Partout en région, il y a des femmes et des hommes d’appartenance, des gens de conviction et de courage, des citoyens de souche et de nouveaux arrivants qui contrarient le destin funeste que des « experts » lisent dans les séries statistiques.
Mais aussi et surtout, il y a des évolutions en cours qui confèrent une attractivité nouvelle à plusieurs régions du Québec, dont leurs petites villes, villages et territoires ruraux. Pensons à la dématérialisation d’une part croissante de l’économie, à la révolution numérique, au télétravail, à la quête d’une meilleure qualité de vie qui modifient les logiques du choix d’un lieu d’implantation tant des entreprises et des travailleurs que des familles.
Option enviable
La grande ville, avec ses multiples dysfonctionnements (congestion, pollution, stress, coûts élevés de l’habitation et des espaces à bureaux, environnement dégradé, insécurité…), n’apparaît plus comme le Graal de la civilisation. Pour plusieurs, les petites villes et territoires ruraux offrent une option enviable. On constate la montée d’un puissant « désir de campagne » qui entraîne une atténuation, sinon un renversement du mouvement d’exode rural des six dernières décennies, donnant lieu au phénomène nouveau d’exode urbain qui porte les germes d’une renaissance des régions intermédiaires et périphériques.

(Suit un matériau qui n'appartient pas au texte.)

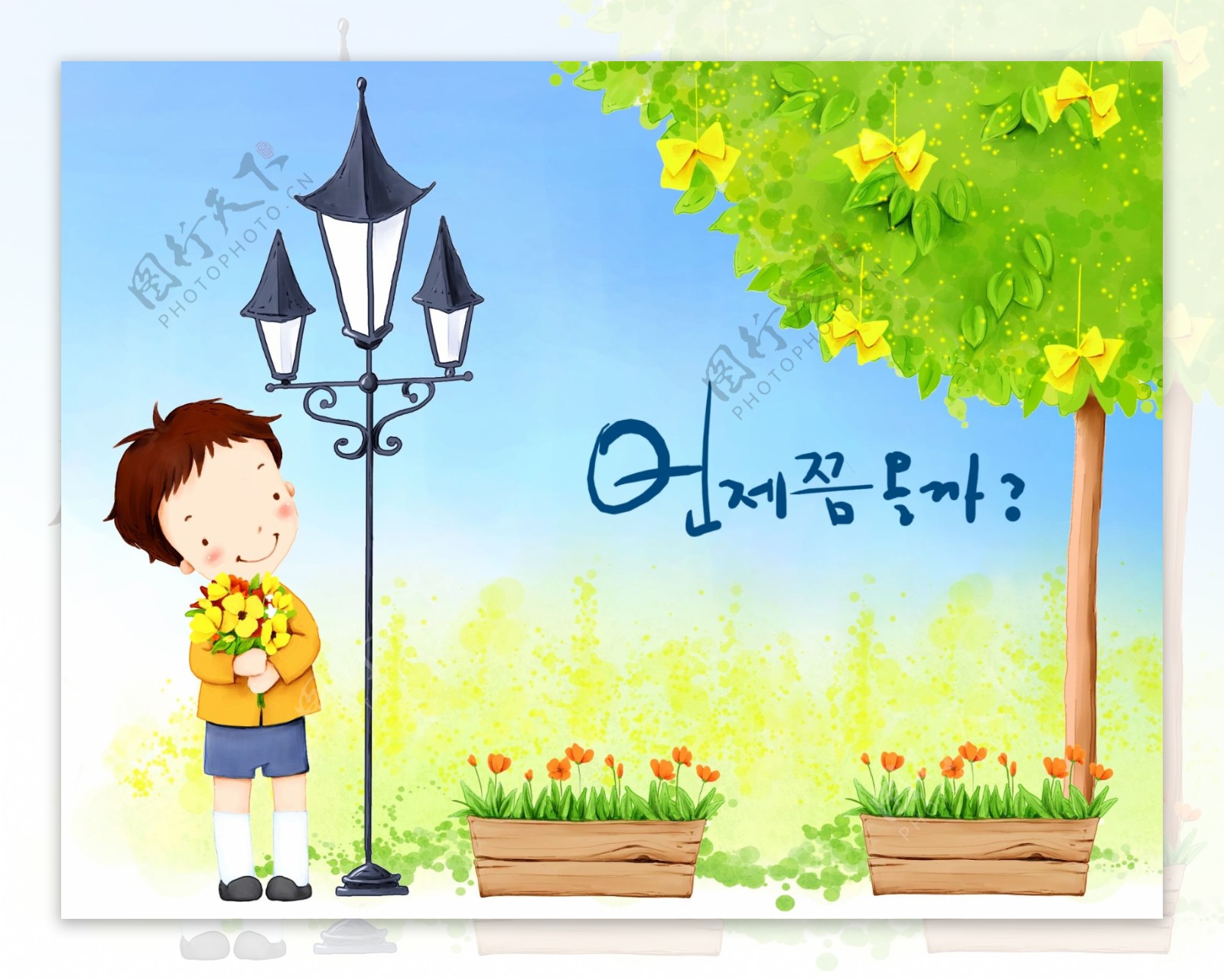 快乐女孩卡通漫画韩式风格分层PSD0159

La fermeture des villages n’est pas une fatalité inscrite dans l’ordre des choses. Osons observer et comprendre les bouleversements en cours qui sont porteurs de nouveaux modèles d’occupation et de vitalité des territoires. Imaginons des politiques qui sauront accompagner les tendances émergentes en faveur des régions, comme on a su le faire depuis les années 1950 pour accompagner la croissance des grandes villes. Osons la prospective et l’audace dans les actions publiques.
Il n’y a pas de territoire sans avenir, il n’y a que des territoires sans vision ni projets.